Today the President announced that Joe Biden has his “blessing” if he decides to run.  I’m a steady (but not exclusive) Democratic voter, but I could never support Joe Biden for president.  Joe has many good qualities, and I suspect if I knew him I’d think he was a hell of a nice guy, but his past makes it clear that (1) he has a big mouth that he can’t control, (2) he says things he regrets almost immediately, and (3) he’s a compulsive liar.  Those are not good characteristics for a President of the United States.

Biden has often embarrassed President Obama by blurting out things without clearance that put the President in awkward situations, but he’s been forgiven over and over (“That’s just Joe!”).  One of these (that much benefited the gay community) was Biden’s support for gay marriage months before Obama was ready to give such an endorsement, forcing the President’s hand and making him act earlier than planned, embarrassing the president by making the White House play catch-up to Biden’s lead.  But Biden follows his heart and not his brain.  That can be charming, but in matters of diplomacy it’s a door to disaster.

What amazes me about his possible run for the Presidency is that he’s considering it at all given his history of lying, which is part of the public record for all to see (Google up “Joe Biden plagiarism” and stand back).  These lies caught up with him in the 1988 Presidential race when they came to light and then he made things worse by making more untrue statements, forcing him to drop out early.  Even more troubling: these lies concerned things that were easily checked and shown to be wrong.  For example he claimed to have graduated in the top half of his class at Syracuse University Law School.  In fact in a class of 85 he was 76th.  When responding to a heckling voter on the campaign trail, Biden bragged, "I think I probably have a much higher IQ than you do, I suspect—I went to law school on a full academic scholarship."  He did not.  Nor, as he told the same voter, did he earn three degrees as an undergraduate; he earned one (with mediocre grades).

Then there was this statement from 1983 when speaking to New Jersey democrats:

When I was 17, I participated in sit-ins to desegregate restaurants and movie houses.
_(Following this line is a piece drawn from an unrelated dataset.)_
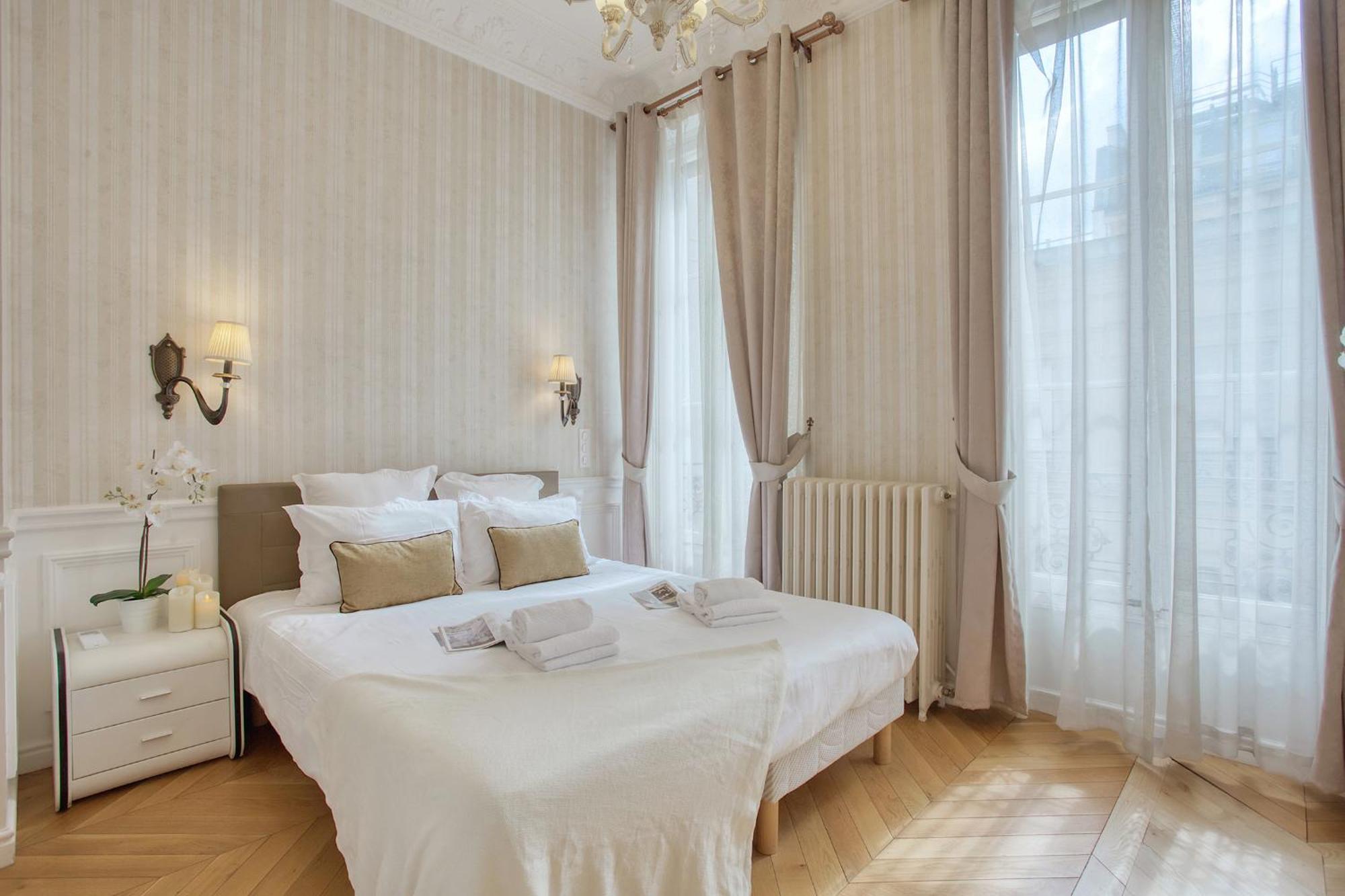 Luxueux 200M2 5Ch Champs Elysees A 1Min Perle Rare Париж Екстериор снимка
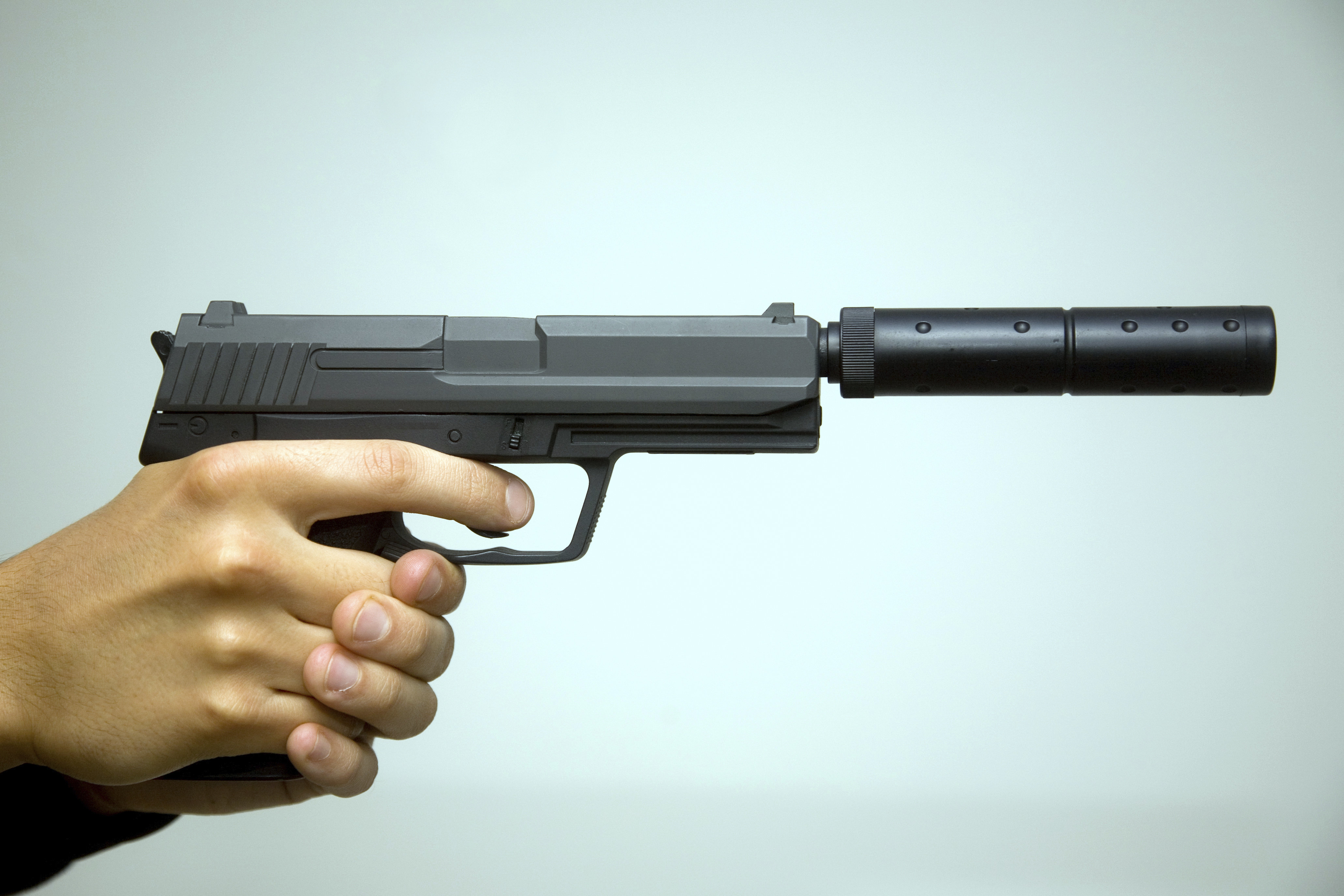 GOP Lawmakers Want To Make Gun Silencers Cheaper Easier To Buy HuffPost   562a42fc1900002d00b94b80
And my stomach turned upon hearing the voices of Faubus and Wallace. My soul raged on seeing Bull Connor and his dogs. 

When pressed about his civil rights record in 1988 he confessed that this was simply wrong:

I worked at an all-black swimming pool in the east side of Wilmington, Del. I was involved in what they were thinking, what they were feeling. But I was not out marching . . . I was not down in Selma. I was not anywhere else. I was a suburbanite kid who got a dose of exposure to what was happening to black Americans. 
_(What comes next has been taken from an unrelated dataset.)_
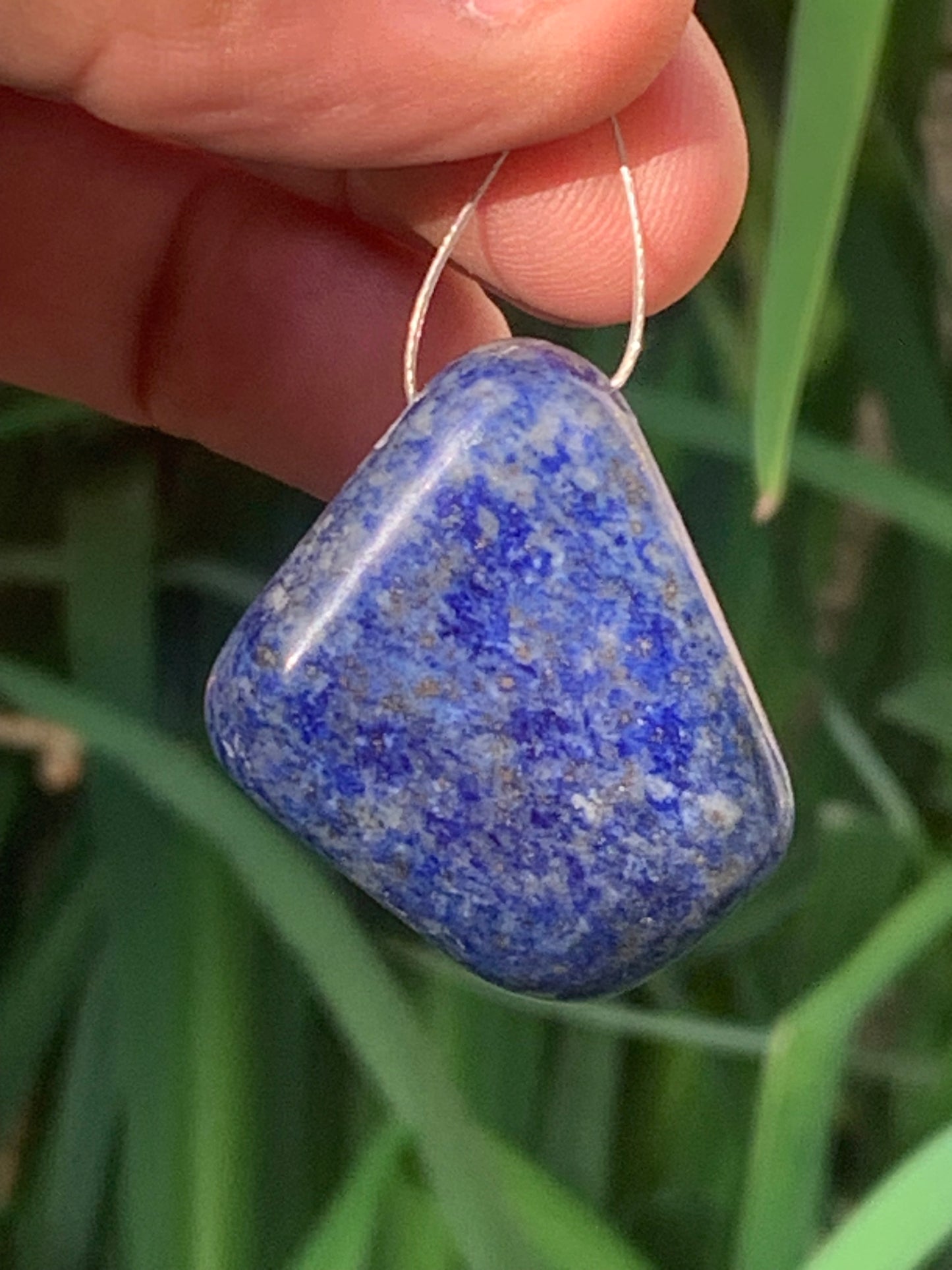 Lapis lazuli, pierre de finition polie et percée en latéral, qualité AA à AAA, 32mm x 30 x 13, parfait pour faire une composition de collier ou en pendentif !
But it’s Joe Biden’s repeated plagiarisms that demonstrate his moral deficiencies and disqualify him from the office of the President of the United States. 

Syracuse University Law School
The first, and most serious, occurred in law school.  The Legal Methods course at Syracuse required him to write a paper and the one Biden submitted was fifteen pages long.  Five of those pages were lifted, word for word, from a law review article that had been published previously (to which he cited once without indicating he was quoting anything from it).  When this blatant theft was revealed Biden was given an “F” in the course.  On Nov. 30, 1965 he wrote a letter to the faculty begging not to be thrown out of school, stating that he had misunderstood the rules when he wrote the paper and this was “stupid” but not “malevolent.”  Joe is good at talking, and is charming as all get out, and eventually he was allowed to repeat the course and graduate.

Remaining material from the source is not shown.